2.3 Interpreting the Type I ANOVA Table

Let’s verify that the sequential sums of squares add up to the total model SS:

type1_ss <- anova_type1$`Sum Sq`
ssr_full <- sum(type1_ss[1:6])  # Model SS (sum of all predictor Type I SS)
sse_full <- type1_ss[7]          # Residual SS

cat("SSR (Model):", round(ssr_full, 2), "\n")

## SSR (Model): 46718.54

cat("SSE (Residual):", round(sse_full, 2), "\n")

## SSE (Residual): 250992.8

cat("SSY (Total):", round(ssr_full + sse_full, 2), "\n")

## SSY (Total): 297711.3

cat("R² = SSR/SSY =", round(ssr_full / (ssr_full + sse_full), 4), "\n")

## R² = SSR/SSY = 0.1569

Important note: The F-statistics and p-values reported by anova() divide each Type I SS by the MSE of the full model. For the partial F-test of the last variable entered, this is correct. But for partial F-tests of variables entered earlier using Type I SS, the proper MSE should come from the reduced model (see Section 4).

3. Type III Sums of Squares (Partial)

3.1 Concept

Type III sums of squares are partial — each variable is tested for its contribution to the model given all other variables are already in the model.

For a model with three predictors:

Variable	Type III SS	What It Tests
$X_1$	$SS(X_1 \mid X_2, X_3)$	Effect of $X_1$ given $X_2$ and $X_3$ are in the model
$X_2$	$SS(X_2 \mid X_1, X_3)$	Effect of $X_2$ given $X_1$ and $X_3$ are in the model
$X_3$	$SS(X_3 \mid X_1, X_2)$	Effect of $X_3$ given $X_1$ and $X_2$ are in the model

Key property: Type III SS do not depend on the order of variable entry. They are the same regardless of how you specify the model formula.

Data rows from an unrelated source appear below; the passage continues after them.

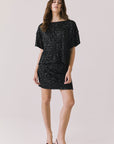 Full body view of woman wearing Chaser’s Davis True Black Tee and matching Jayde True Black Mini Skirt on a light gray background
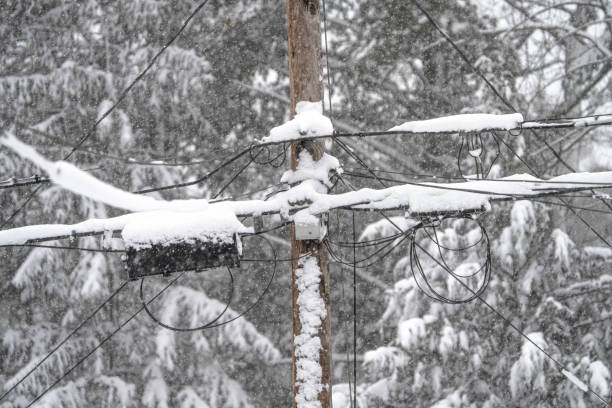 istock Utility pole and wires covered with snow in blizzard 2183340229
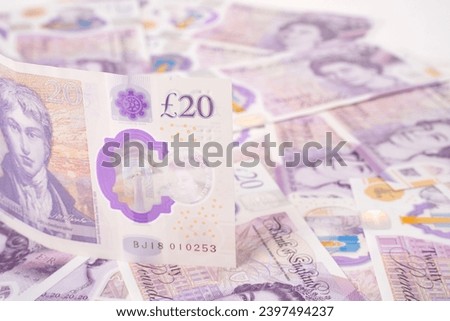 selective focus on 20 pound british bank currency note for business background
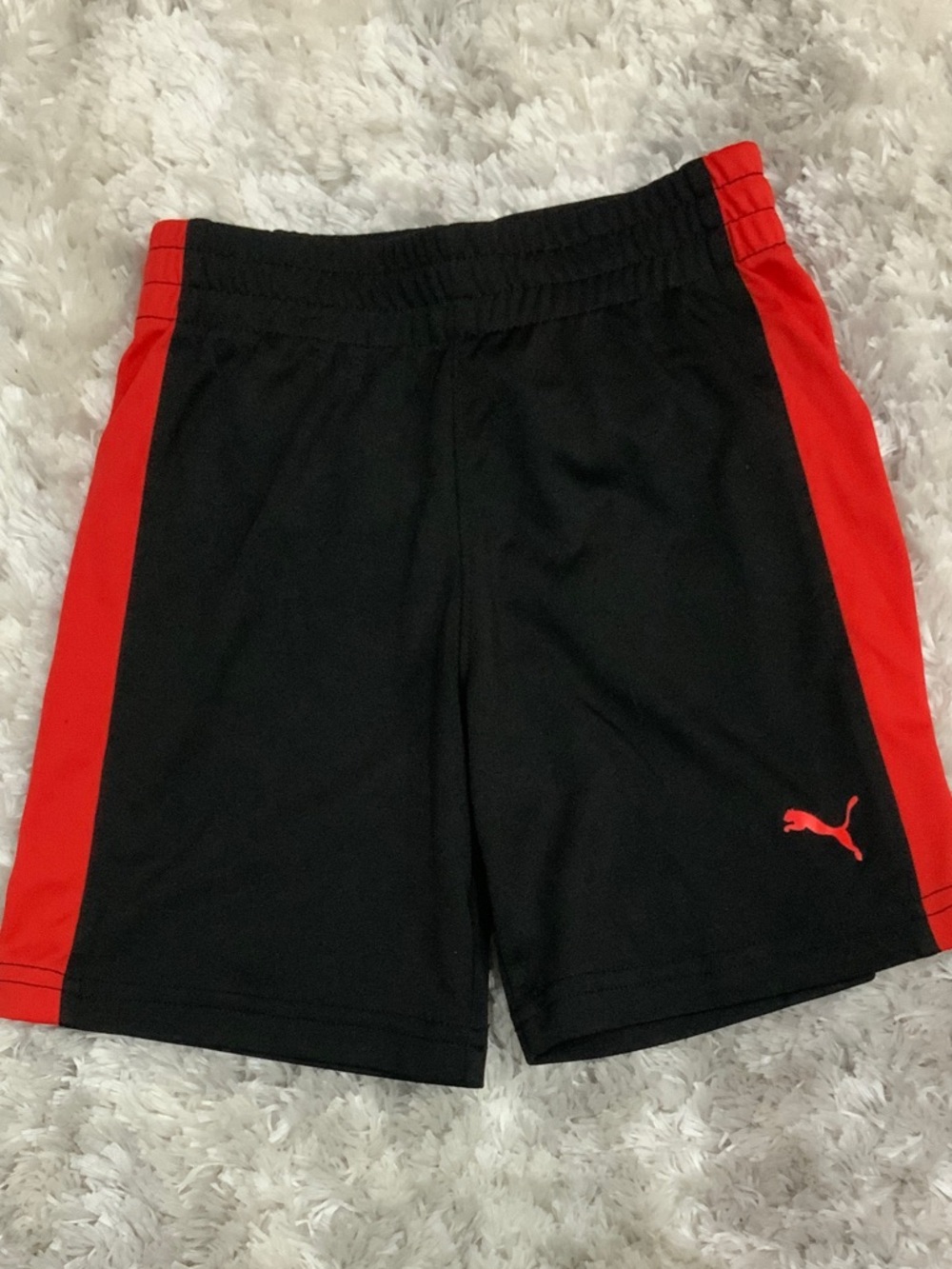 Puma Black Shorts with Red Side Stripes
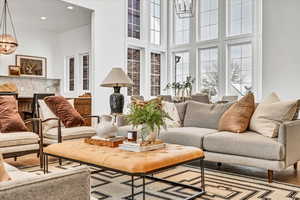 Living room with light hardwood / wood-style flooring, a towering ceiling, and an inviting chandelier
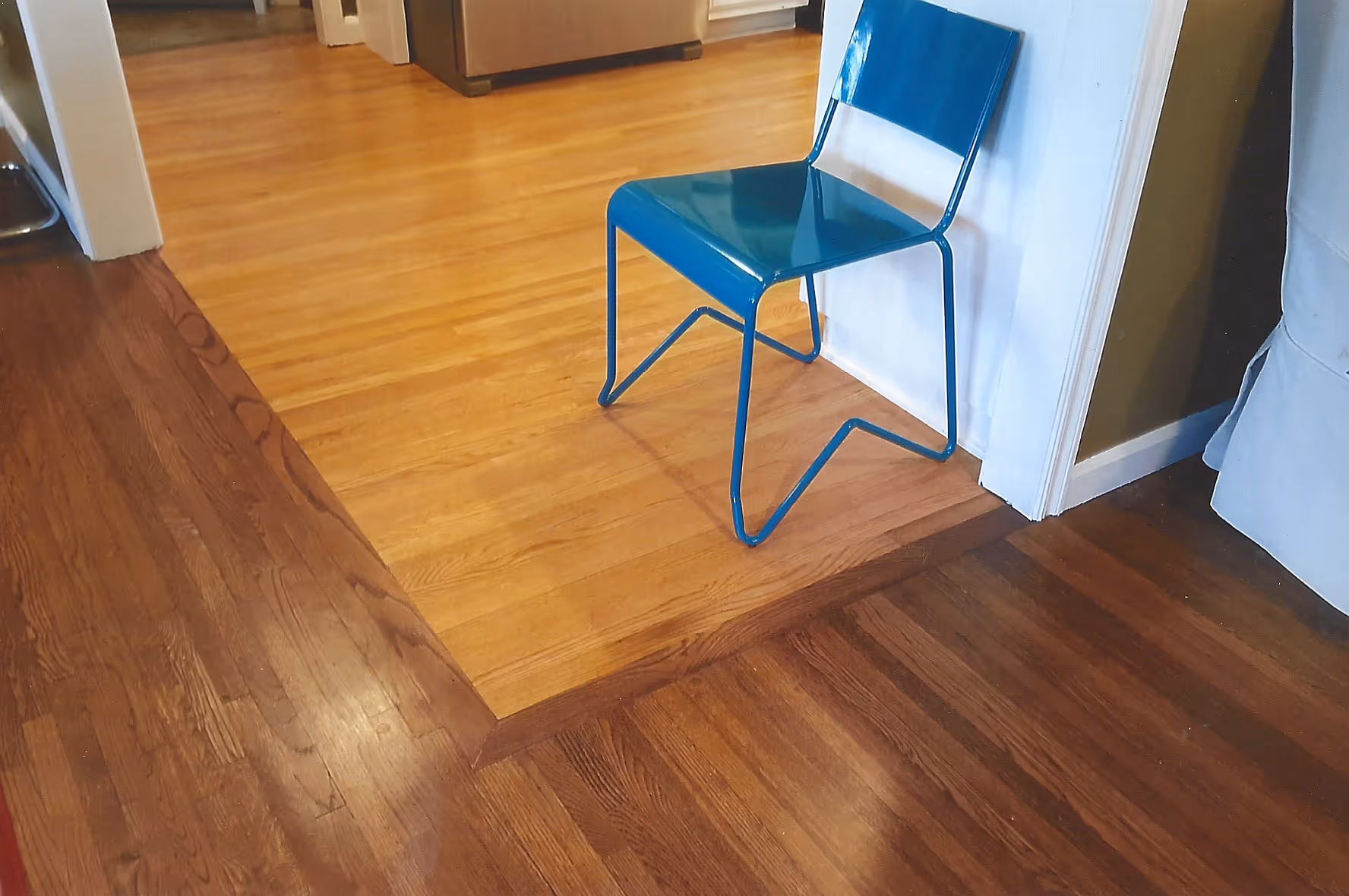 Blue metal chair placed on a transition area between two differently stained hardwood floors in a room.
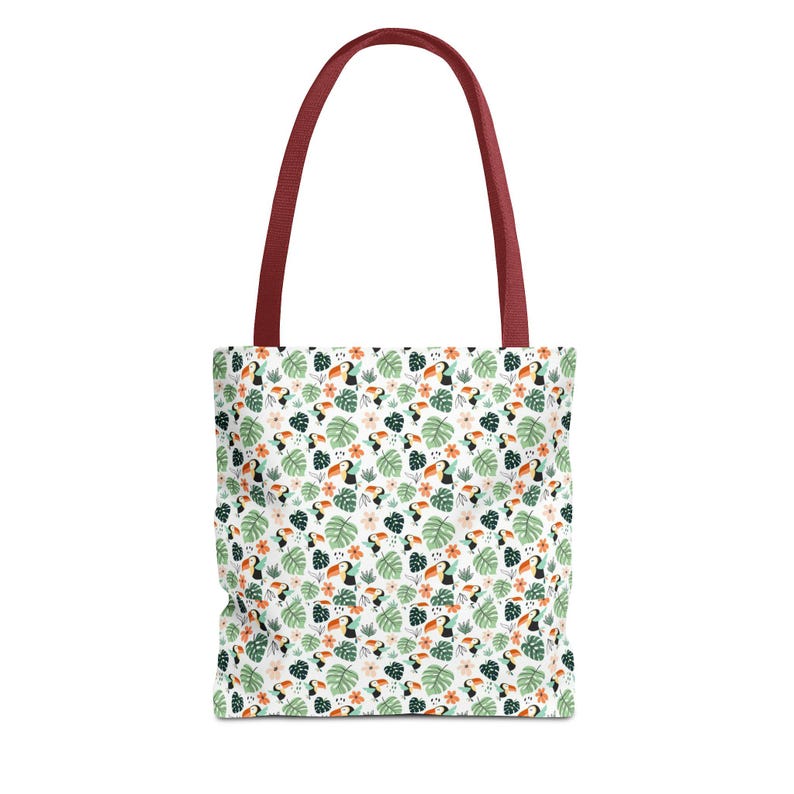 May include: White tote bag with a tropical pattern of toucans, flowers, and leaves. The bag has a burgundy handle. The pattern includes orange, green, and pink elements. The bag is designed for carrying items.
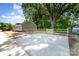 New concrete driveway leading up to a fenced backyard with mature trees and a green home at 406 N Bostian St, China Grove, NC 28023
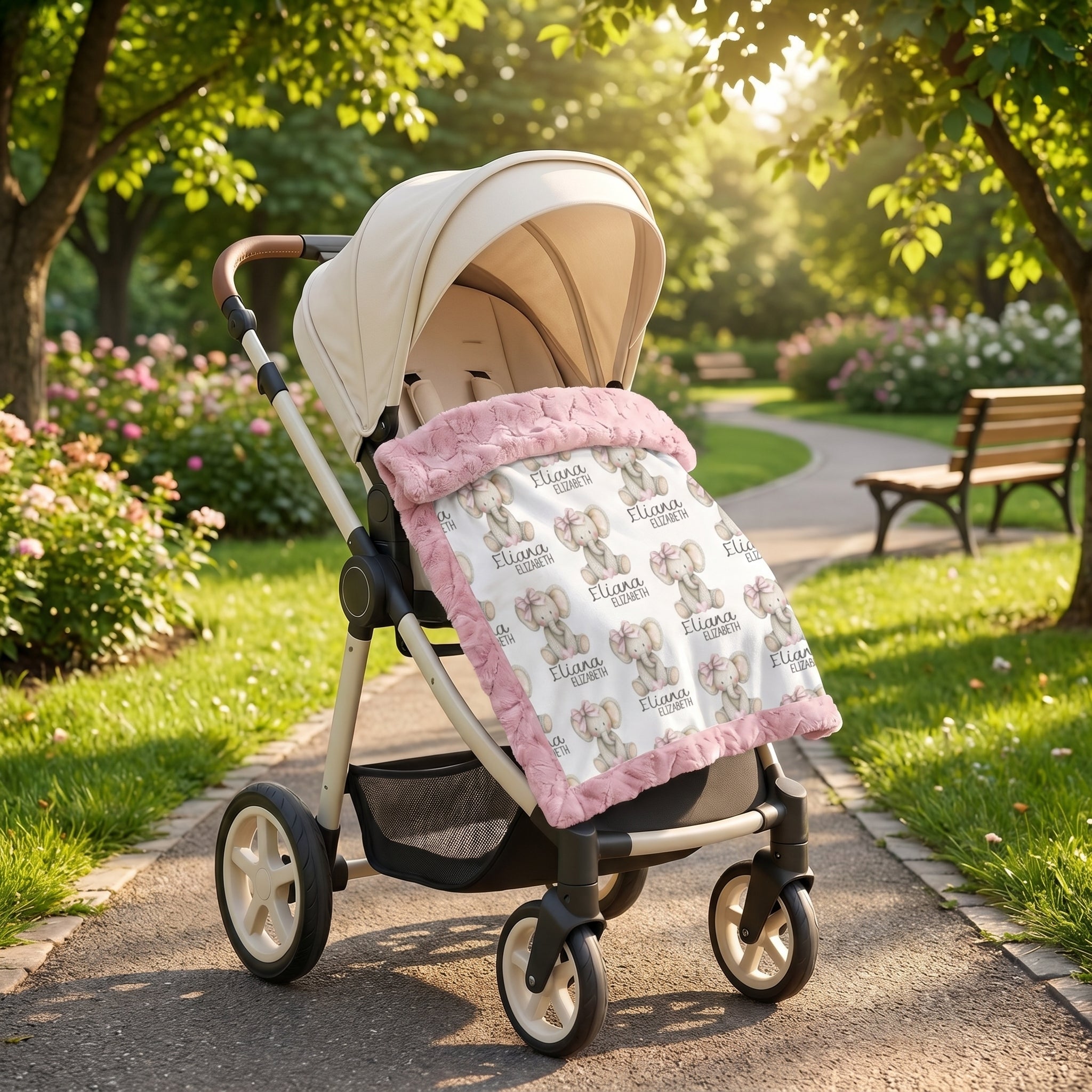Personalized elephant baby blanket with pink minky trim draped over stroller in park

Key property: Type III SS generally do not add up to the total SSR (unless predictors are uncorrelated).

Key property: The Type I SS and Type III SS are equal for the last variable entered in the model — because by the time we reach the last variable, all other variables are already in the model.

3.2 Comparing Type I and Type III

# Type III using car::Anova()
anova_type3 <- Anova(m_full, type = "III")

# Side-by-side comparison
comparison <- tibble(
  Variable = c("physhlth_days", "sleep_hrs", "age", "income_cat", "sex", "exercise"),
  `Type I SS` = round(anova_type1$`Sum Sq`[1:6], 1),
  `Type III SS` = round(anova_type3$`Sum Sq`[2:7], 1)
)

comparison %>%
  kable(caption = "Table 4. Type I vs. Type III Sums of Squares") %>%
  kable_styling(bootstrap_options = c("striped", "hover"), full_width = FALSE) %>%
  footnote(general = "Type I SS depends on variable entry order; Type III SS does not. The last variable (exercise) has identical values.")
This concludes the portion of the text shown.